By the next day, the bar had been raised to 939, averaging an impressive 93.9 points per round. As the leaderboard became more cutthroat, I noticed that players intent on making the leaderboard would simply refresh the page after making a particularly bad guess to avoid wasting time on a bad run. It also highlighted an interesting fact of RGB guessing: certain colors are easier to identify than others (we learned that shades of yellow/brown were particularly difficult), so part of the strategy for getting a high score was just playing enough times for the RNG to produce an “easy” run.

As time went on, the top scores continued to creep higher into the 900s. By the time I graduated, the high score was an astounding 946, and I was no longer on the leaderboard, which to me is a sign of success.

Albany celebrates reaching the top of the leaderboard

Reflection

Looking back a few years later, making RUGB and watching its brief moment in the spotlight on campus was a highlight of the semester. I had made a few other games at that point, but (to the surprise of no one) it was especially rewarding to see other people get truly involved with a game I made.

At the time, I had a number of ideas for how I world improve RUGB. For one, there was the low-hanging fruit of making the page less narrow-screen-hostile. Shown below is an image of a displeased user.

A friend is visibly upset that RUGB doesn't display on narrow windows

For another, there was the handling of cheaters: it’s hilariously easy to cheat on RUGB, since the answer is literally in your browser.

A screenshot of the developer console, showing the target color in plain sight

Case in point: I checked the leaderboard today and noticed that somebody has generously self-identified themself as a cheater.²

A screenshot of the leaderboard, where a user with the username "cheater" earned a perfect 1000 points

Practically, there’s very little that can be done about that, since banning a perfect score seems excessive.

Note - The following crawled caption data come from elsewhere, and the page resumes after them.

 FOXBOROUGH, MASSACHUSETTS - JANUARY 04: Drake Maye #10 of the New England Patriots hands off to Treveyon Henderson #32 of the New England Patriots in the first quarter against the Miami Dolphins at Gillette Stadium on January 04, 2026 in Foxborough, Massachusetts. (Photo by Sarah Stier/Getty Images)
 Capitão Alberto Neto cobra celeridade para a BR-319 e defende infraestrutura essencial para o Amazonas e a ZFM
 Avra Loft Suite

I did, though, get a creative suggestion to catch players digging for low-hanging fruit in the browser’s inspector: Apply an overlay to the background color with some opacity, and then in the application logic, calculate the resulting “combined” color and treat it as the true target color.

On the subject of over-engineering RUGB, some other ideas I had included a timed version, where the score is also a function of speed, a “color of the day” (a slight Wordle-ification), “RUGB for dogs” that excludes reds and greens (also helpful for colorblind folks), and a “versus mode” where players would go head-to-head with a random challenger, QuizUp-style. There were other things, too: I never got around to making the site mobile-friendly, and I meant to add better analytics so I had proper usage data beyond just the scores themselves.

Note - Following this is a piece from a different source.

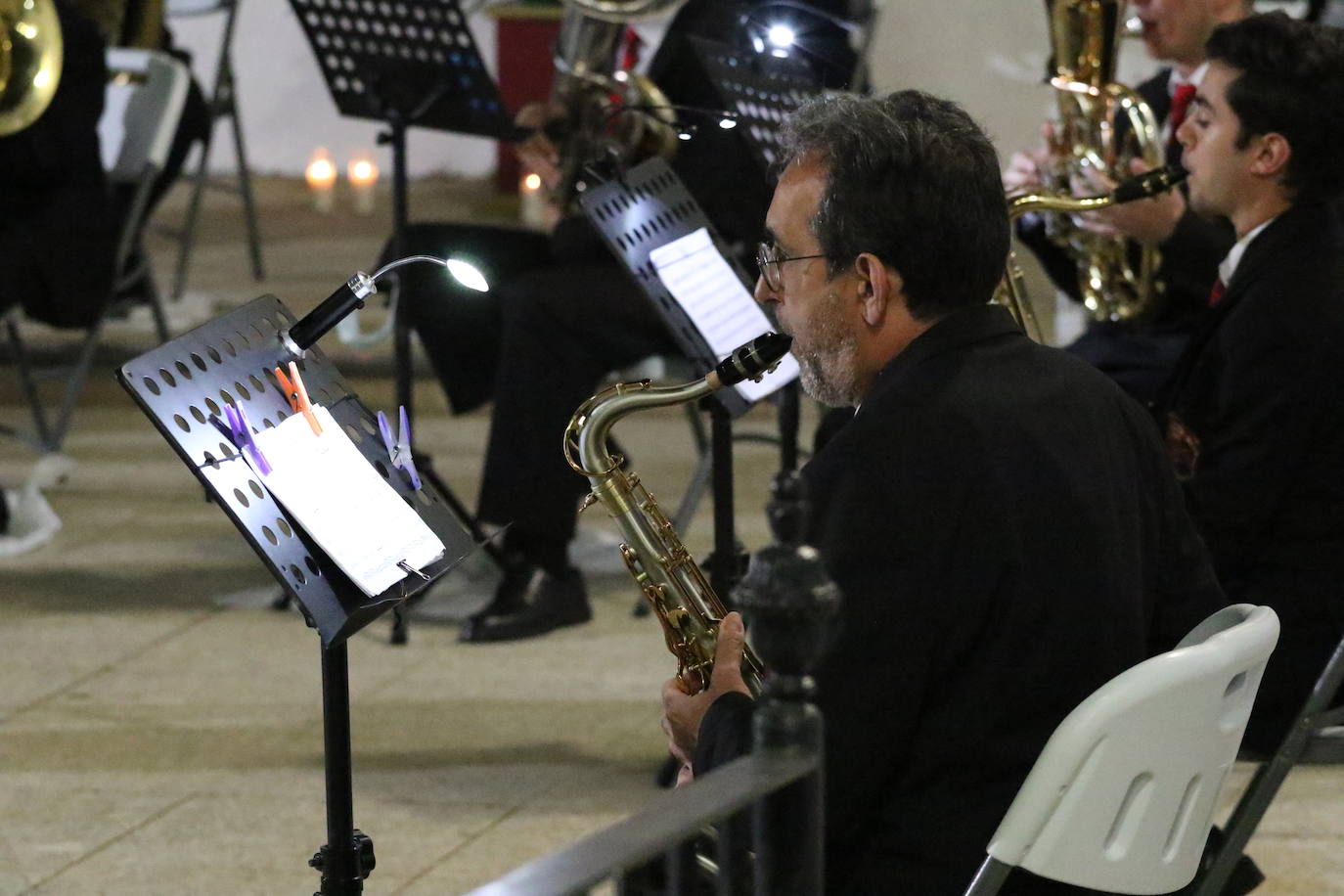 Fotos: La Plaza de la Alcazaba acoge varios conciertos de bandas con un fin solidario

I slated these ideas for later, since I still need to graduate, and my head was filled with other projects I wanted to work on. Plus, it seemed like RUGB had gotten all the attention that a color-guessing game could get.

On “almost making it”

About a year later, I was telling a friend about RUGB. To my surprise, he seemed to already be familiar with it. He showed me this fellow named Jared Cross who found his niche as a color guessing expert. But Jared wasn’t on RUGB; he used a hex-guessing site called Hexcodle which was published a year after RUGB. The very next day, a different friend sent me a link to another recent hex-guessing game which was generating a lot of buzz online³. I couldn’t help beating myself up for not implementing the ideas I had, and for not attempting to share my work online. If only I had, I thought, I might have had my big break. That was the first time I felt that specific feeling; I’d never been concerned about the mythical “big break” prior to making this silly little color-guessing game.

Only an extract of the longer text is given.